ASYNC.ADVENTURES
// posts · 25 // tags · 83
▙ FIELD NOTE // 14 MIN
// MYCELIUM-9D6E · SEEDED

gsd - an ai orchestration tool

2026-03-10 :: JOHN STEWART
#developers#productivity#claude code#rust#web assembly#artificial intelligence#rsvp reader#rapid serial visual presentation#orchestration#framework

TLDR

I tried out the GSD agent orchestration development system and built a RSVP progressive web app and browser extension to test out its capabilities. It’s a streamlined, straightforward framework that makes decisions about a project easy to make though at the cost of deeper understanding. It builds fast, thanks to parallellisation, though at a higher cost and, for my project, it missed out on end-to-end tests. I find these crucial for Cladue Code’s (CC) verification step. Overall, GSD is worth trying especially for prototyping and feature spikes.

Intro

Recently, I’ve been experimenting with CC by building out various tools. The first was a CC usage tracker and it was entirely vibe coded. Second, I built a very basic, for now, image conversion tool and I intentionally chose to do more upfront planning and implement skills and memories.

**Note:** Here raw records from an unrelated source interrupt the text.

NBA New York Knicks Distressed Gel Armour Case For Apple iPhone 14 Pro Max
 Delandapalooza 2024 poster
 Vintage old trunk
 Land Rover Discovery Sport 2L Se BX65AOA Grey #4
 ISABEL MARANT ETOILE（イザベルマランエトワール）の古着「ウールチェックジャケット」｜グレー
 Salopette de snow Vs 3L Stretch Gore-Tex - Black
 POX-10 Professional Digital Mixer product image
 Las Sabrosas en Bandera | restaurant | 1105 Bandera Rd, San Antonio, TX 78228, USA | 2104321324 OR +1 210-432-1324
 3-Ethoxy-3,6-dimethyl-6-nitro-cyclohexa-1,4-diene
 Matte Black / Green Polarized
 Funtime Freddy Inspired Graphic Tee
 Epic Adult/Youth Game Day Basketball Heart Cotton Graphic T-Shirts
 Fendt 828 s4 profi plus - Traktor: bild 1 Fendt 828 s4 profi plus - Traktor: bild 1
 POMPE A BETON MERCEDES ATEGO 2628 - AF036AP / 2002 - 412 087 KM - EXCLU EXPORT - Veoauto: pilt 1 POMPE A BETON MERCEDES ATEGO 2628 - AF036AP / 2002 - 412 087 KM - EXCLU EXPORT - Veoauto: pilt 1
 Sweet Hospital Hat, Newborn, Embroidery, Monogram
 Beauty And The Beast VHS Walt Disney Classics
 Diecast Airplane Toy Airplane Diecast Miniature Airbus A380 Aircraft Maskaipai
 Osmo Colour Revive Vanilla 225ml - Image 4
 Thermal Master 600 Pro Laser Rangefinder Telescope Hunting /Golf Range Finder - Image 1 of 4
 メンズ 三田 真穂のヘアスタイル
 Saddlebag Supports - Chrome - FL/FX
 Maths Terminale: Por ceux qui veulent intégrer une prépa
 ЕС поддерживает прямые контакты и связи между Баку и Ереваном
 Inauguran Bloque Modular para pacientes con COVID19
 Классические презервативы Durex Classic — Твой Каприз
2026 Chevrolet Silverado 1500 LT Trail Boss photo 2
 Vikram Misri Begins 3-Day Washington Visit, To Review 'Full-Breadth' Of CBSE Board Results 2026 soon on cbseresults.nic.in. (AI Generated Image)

While doing this I came across agent orchestration frameworks and wanted to give them a go. For this blog I choose the GSD “development system” as it seemed the most straight forward and required the least upfront learning.

Getting Stuff Explained

Essentially, GSD is a choose-your-own-adventure prompting engine. It was created in response to the chaos and scaling limitations of vibe coding and describes itself as such:

It’s the context engineering layer that makes Claude Code reliable. Describe your idea, let the system extract everything it needs to know, and let Claude Code get to work.

When initiating it in a project it goes through the following phases:

  • Questions — Asks until it understands your idea completely (goals, constraints, tech preferences, edge cases)
  • Research — Spawns parallel agents to investigate the domain (optional but recommended)
  • Requirements — Extracts what’s v1, v2, and out of scope
  • Roadmap — Creates phases mapped to requirements

To produce the following documents:

  • PROJECT.md
  • REQUIREMENTS.md
  • ROADMAP.md
  • STATE.md
  • .planning/research/
    • architect
    • features
    • pitfalls
    • stack
    • summary

When I worked on the image conversion tool the very first thing I did was work with CC to create a comprehensive planning document that covered the MVP requirements and stretch goals. Essentially, in comparison to docs produced by GSD, it was the project, requirements, roadmap document, and research documents all rolled into one.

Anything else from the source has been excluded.